Have opted for loan moratorium? Know how to cut costs, opted for loan moratorium? Know how to cut costs

Have opted for loan moratorium? Know how to cut costs, opted for loan moratorium? Know how to cut costs

Have opted for loan moratorium?  Know how to cut costs

Loan Moratorium&nbsp


  • There was a huge loss in income due to the impact of employment during the Corona period.
  • RBI gave the facility of moratorium to the borrowers.
  • This facility was given to the borrowers up to the limit of Rs 25 crore.

Due to the lockdown imposed in many states to prevent the second wave of the epidemic, financial crisis has arisen for many people. Many people suffered huge loss of income due to business closure and job loss. The lifeline of borrowers at the end of the pandemic was extended by the Reserve Bank of India (RBI) in the form of Resolution Framework (RF) 2.0 announced by the central bank on May 5, 2021. This was in line with the measures announced earlier. year under RF 1.0 which made distressed borrowers eligible for loan moratorium.
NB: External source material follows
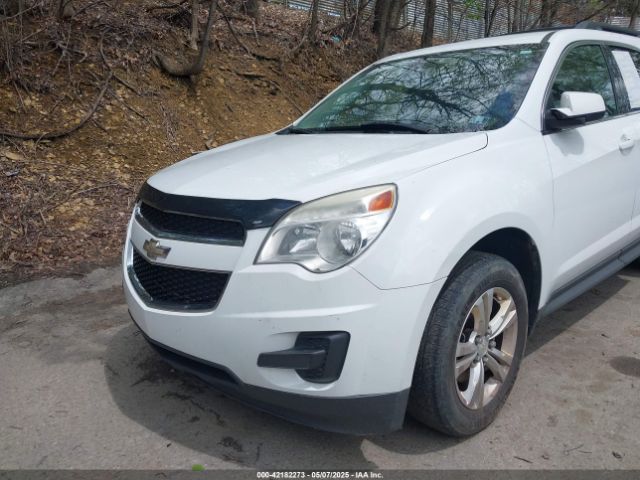 2GNFLFEK0F6369463 Chevrolet EQUINOX 1LT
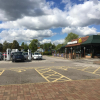 Отель Warrington M6 Motel J20/M6 Lymm Services, фото 13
Moratorium refers to the deferment of the repayment which gets added to the principal amount. As the borrower starts the repayment, the repayment period and in some cases the EMI increases. These are monetary policy instruments used by central banks such as the RBI and the US Federal Reserve to protect borrowers facing financial hardship.

Governor Shaktikanta Das allowed extension of the moratorium period by two years for those who had availed it in 2020. Individual borrowers and small business owners availing restructuring of their loans under RF 1.0 for a period of less than two years were allowed to utilize the full limit of two-year window provided by the central bank.

MyMoneyMantra.com founder and MD Raj Khosla said borrowers who had opted for the moratorium between March 2020 and August 2020, but were still battling the economic impact of COVID, and wanted a total moratorium of 24 months, an additional Can apply for the period (24-X) and then apply for payment restructuring. Unpaid EMI and lenders had to find a way to recover it over the remaining life of the loan or any such scheme.

However, those borrowers who did not take advantage of the relief measures provided by the central bank in 2020 can approach lenders for restructuring their loans, provided such accounts are classified as ‘standard’ by March 21, 2021. has been done. But this facility is available to those borrowers. Whose arrears of Rs 25 crore or less. Any account that is behind in the repayment schedule for a period of 90 days or more can be classified by lenders as a ‘substandard’ account.

Who is eligible for Loan Moratorium, Restructuring?

Individuals who have taken a personal loan to their own workers other than the loan facilities provided by lending institutions; Individuals who have availed business loans up to a limit of Rs.25 crores. Small businessmen engaged in retail or wholesale business with accounts of less than Rs.25 crores. According to SBI, all loans including home loans, car loans, education loans and personal loans are eligible for the moratorium. If the same COVID-affected borrower has multiple loans, all such accounts will be eligible for the moratorium.

How can you take advantage of this?

Borrowers facing financial difficulties have the option of applying for a complete moratorium or for deferment of their dues, both interest and principal amount, for a maximum period of 24 months or two years. However, the borrower can also choose to pay only interest on the principal amount. However, borrowers should note that neither the interest nor the principal amount will be waived off during the moratorium or restructuring period. Once the repayment holiday is over, the borrower can continue with the original repayment tenure with higher EMI or can opt for the extended repayment tenure with the original EMI.

The cost increases when you choose the moratorium option

It is to be noted that opting for the moratorium will increase the liability for the borrower as the interest earned during the moratorium on the principal will have to be paid back after the moratorium period is over. Due to non-payment of dues during the moratorium period, the interest charges for the borrower will increase if the outstanding amount increases. Experts say that in order to reduce the cost of the moratorium, borrowers will continue to pay at least the interest on the outstanding amount, so that the outstanding amount is not affected.